Savaş, işçi ve emekçiler arasında milliyetçi ve şovenist eğilimlere yol açmakta, işçilerin birliğini bozmakta, patronlara ve devlete karşı hakları için her türlü ayrımdan uzak birlikte mücadele etmesi gereken işçi ve emekçileri bölmektedir. Bu bölünmenin devlet ve patronların yararına olduğunun farkındayız. Patronlar karşısında hak almak için birlikte olması gereken işçilerin bölünmesi, ekmeklerinin küçülmesi, çalışma koşullarının kötüleşmesi, daha güvencesiz işlere mahkûm edilmesi anlamına gelmektedir. Bizler, ideolojik farklılıklarımıza, farklı partilere oy vermemize rağmen barış için birlikte çalışacağız.

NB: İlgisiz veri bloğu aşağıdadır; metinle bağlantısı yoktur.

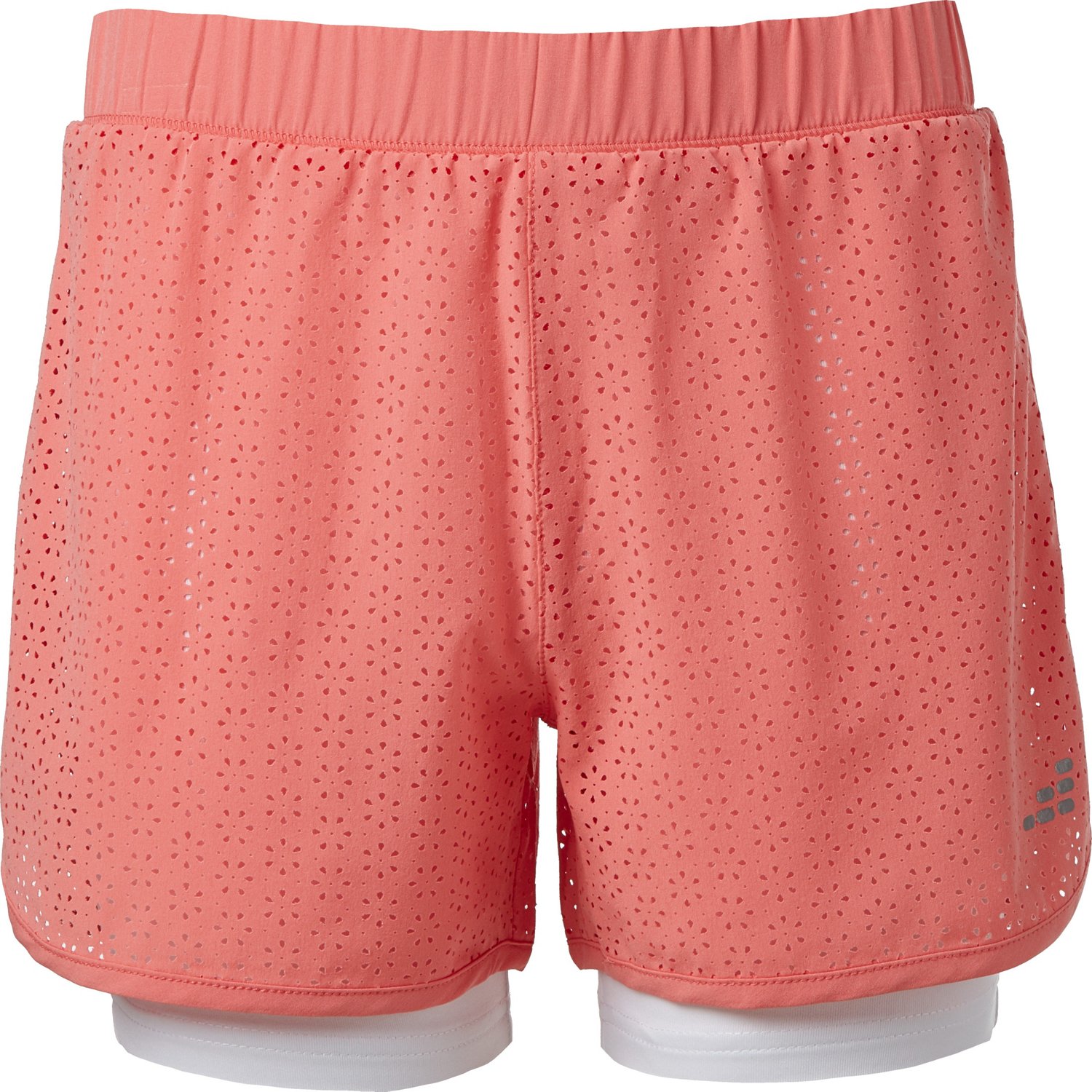bcg shorts rn 098223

Sarayın kendi iktidarını tahkim etme hırsı ile başlattığı savaşın sonucu, toplumsal kaynaklarımız da kamu hizmetlerine ve emekçilere değil, savaşa ayrılmaktadır.
Savaşta ölenlerin , işçi ve emekçiler ile yoksulları ve ezilenler olduğu açıktır. Bu nedenle savaş aynı zamanda sınıfsal bir mücadeledir.
Savaş, bizim için daha fazla işsizlik, daha fazla yoksulluktur.
Savaş, haklarımızı aramak için sürdürdüğümüz mücadeleleri sınırlandırmanın aracı olarak kullanılmaktadır.
Savaş, iş cinayetlerini görünmez kılmaktadır. Ölen de, ekmeği küçülen de biz emekçileriz.
Kürt halkının en temel taleplerini gerçekleştirmekten kaçınanların, çözüm sürecini berhava edenlerin işçilere ve emekçilere hak ve özgürlük getirmeyeceğini biliyoruz.
Hep söylendiği gibi toplumların tarihi sınıf savaşımlarının tarihidir. Ortadoğu başta olmak üzere bütün dünyada temelde emekçilerle, ezilen halklarla muktedirler arasında sınıf savaşı sürüyor. Egemen güçler sömürüyü artırmak, zenginlikleri paylaşmak üzere savaşı körüklüyor ve halkları bir birine kırdırıyor.
Saray’da vücut bulan siyasi iktidarın savaşı da; her ne kadar militarizmi, şovenizmi yükseltmeye ve sırtını ırkçı hezeyanlara dayamaya çalışsa da özünde emekçilere, işçilere, işsizlere, köylülere, kadınlara bütün ezilenlere karşı yürütülen bir savaştır.
Sarayın hedefi; emeği, doğayı, kenti fütursuzca yağmalayabileceği, dışarda yayılmacı politik maceralarını gerçekleştirebileceği otoriter bir rejim kurmaktır. Sarayın bu diktatörlük hevesine 7 Haziran’da halklarımız geçit vermediği için Saray savaş çıkartmış, işçileri, emekçileri, yoksulları bu savaşa sürmüştür.
İşyerlerimizde, fabrikalarımızda, mahallemizde birbirimizle düşmanlık yaratmak isteyenlere karşı barış talebimizi daha güçlü haykırmakta kararlıyız.
Bu nedenle, önümüzdeki günlerde işçi semtleri ve mahallelerinde çalışmalar yürüteceğiz.
Barışın işçiler ve emekçiler için ne kadar yaşamsal olduğunu anlatmak için toplantılar yapacağız.
Barışın işçi ve emekçiler için neden gerekli olduğunu anlatan bildiriler dağıtacağız.
İşyerlerimizde, fabrikalarımızda iş bırakma eylemleri yaparak, üretimden gelen gücümüzü kullanacağız ve barış taleplerimizi içeren bildiriler okuyacağız.
Barış talebini çalıştığımız ve yaşadığımız bütün alanlara yaymanın çabası içinde olacağız.
Barış Bloku’nun gelişmesi ve güçlenmesi için çaba göstereceğiz.
Silahlar susun, işçiler konuşsun. Barış, işçi ve emekçilerle gelecek.
Savaşa hayır, barış hemen şimdi, çözüm hemen şimdi!